I’m not happy about this. In such a scenario, we’d have to hope for shear towards landfall, because the very hottest Gulf waters are right offshore.

Closer to home, TD5 has formed in the Gulf, although according to the NHC it seems to have some problems getting together. Well, it’s a new system. That’s what usually happens. Quite honestly, in my opinion, TD5 could landfall in Texas as anything from a depression to (if conditions are perfect and it takes advantage) a low-end Category 1 hurricane. The NHC is forecasting a 40kt landfall. I think that, if TD5 gets organized in time, it has the potential for rapid development, and this forecast could be too low. With the depression, everything comes down to the timing of its organizing.

Dean holds steady

Tropical Storm Dean has held its intensity in the face of a small pocket of 20kt shear. Although its convection dropped off significantly during the diurnal minimum, this is cyclical, especially for a weak system. Dean used the day to do something more important than blowing up blobs of clouds, start developing the classic tropical cyclone structure. It has feeder bands forming, and as soon as it gets out of the pocket of shear, I’m expecting it to take off. The timing on this is important: If it breaks into the minimal shear area to its west at night (night for it, a few hours ahead of people in the Americas), the effect will be more pronounced in a short time. This is because of diurnal max. Dean is skipping along a tad south of due west at 20 mph.
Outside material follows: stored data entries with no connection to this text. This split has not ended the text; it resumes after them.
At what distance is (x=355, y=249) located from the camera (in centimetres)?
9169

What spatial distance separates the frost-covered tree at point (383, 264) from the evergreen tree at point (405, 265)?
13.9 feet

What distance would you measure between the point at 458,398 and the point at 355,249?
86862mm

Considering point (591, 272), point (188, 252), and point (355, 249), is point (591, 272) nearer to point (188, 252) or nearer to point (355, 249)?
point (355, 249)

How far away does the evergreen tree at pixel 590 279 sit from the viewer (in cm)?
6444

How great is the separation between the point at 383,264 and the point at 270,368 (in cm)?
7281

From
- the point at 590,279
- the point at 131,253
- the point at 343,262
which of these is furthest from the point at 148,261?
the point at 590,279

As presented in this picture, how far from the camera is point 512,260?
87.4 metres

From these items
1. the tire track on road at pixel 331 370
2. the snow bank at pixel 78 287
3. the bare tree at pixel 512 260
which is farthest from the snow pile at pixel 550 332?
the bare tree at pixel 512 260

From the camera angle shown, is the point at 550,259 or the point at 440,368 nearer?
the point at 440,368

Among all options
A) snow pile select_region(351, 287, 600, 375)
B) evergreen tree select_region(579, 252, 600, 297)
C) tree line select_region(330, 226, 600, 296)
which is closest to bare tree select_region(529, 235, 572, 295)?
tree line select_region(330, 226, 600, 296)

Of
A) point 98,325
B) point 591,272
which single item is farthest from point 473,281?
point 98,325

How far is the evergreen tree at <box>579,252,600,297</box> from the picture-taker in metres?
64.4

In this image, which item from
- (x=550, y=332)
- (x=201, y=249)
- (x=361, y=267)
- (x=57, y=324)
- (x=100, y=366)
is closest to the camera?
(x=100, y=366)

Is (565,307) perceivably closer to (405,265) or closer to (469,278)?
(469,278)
I think it’s now fair to start discussing where Dean will end up and how strong he will be. I highly doubt that he will recurve, and I am not sold on a U.S. East Coast landfall either (including Florida’s east side). In the short term, I think it’s fair to say that Dean will be a weather-maker for the islands off Venezuela. I also have a bad feeling that he will get into the Caribbean. The water there is even hotter than in the Gulf. A major hurricane seems highly likely if this happens. Many people in the U.S. see a powerful hurricane hit Hispaniola, and see the mountains tear it up and weaken it (a good example is Georges of 1998), so that it has a hard time restrengthening before its final landfall, and they cheer. But the island nations can’t afford a hit any more than New Orleans can. The 12:00 run of the HWRF showed a Hurricane Allen-like system barreling headlong into the Dominican Republic at peak intensity. Needless to say, this would be horrific. The one good thing about Dean is that, since it’s a long-track Cape Verde storm, there’s plenty of time to watch it, and prepare for landfall.
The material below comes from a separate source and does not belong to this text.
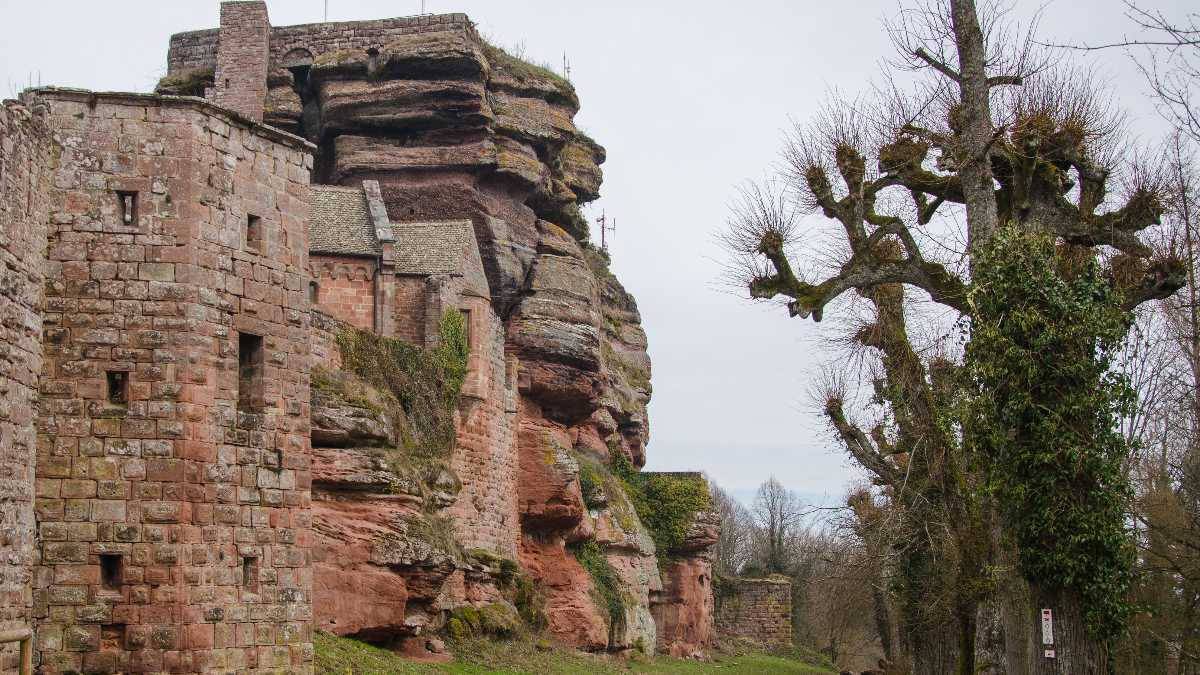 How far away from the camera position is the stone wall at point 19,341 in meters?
13.9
Beyond the Caribbean, as I have stated, I have a really bad suspicion that this is ultimately a Gulf problem. I’m not going to change this guess until and unless the real, observed weather conditions change as Dean continues on its path and gets closer to the point where it must “decide” whether to curve out of the Caribbean or not. Fluctuations of models, which have had it from Central America to an Atlantic fish storm, don’t qualify. Real, large-scale changes in weather do.

The NHC, which has a tendency to underforecast the intensity of hurricanes, has Dean as a 95kt Category Two system in five days. Again, how quickly Dean gets its act together will determine when (NOT “if”) it becomes a hurricane and thus when it may hit Cat-2 or higher intensity. It has followed the NHC’s predicted intensity forecast thus far, and tropical storms usually take several advisories to get fully “with it” and reach a level of stability that permits them to develop eyes and become hurricanes. I see no reason to deviate significantly from the NHC forecast, with the one caveat that Dean might rapidly intensify after it becomes a hurricane.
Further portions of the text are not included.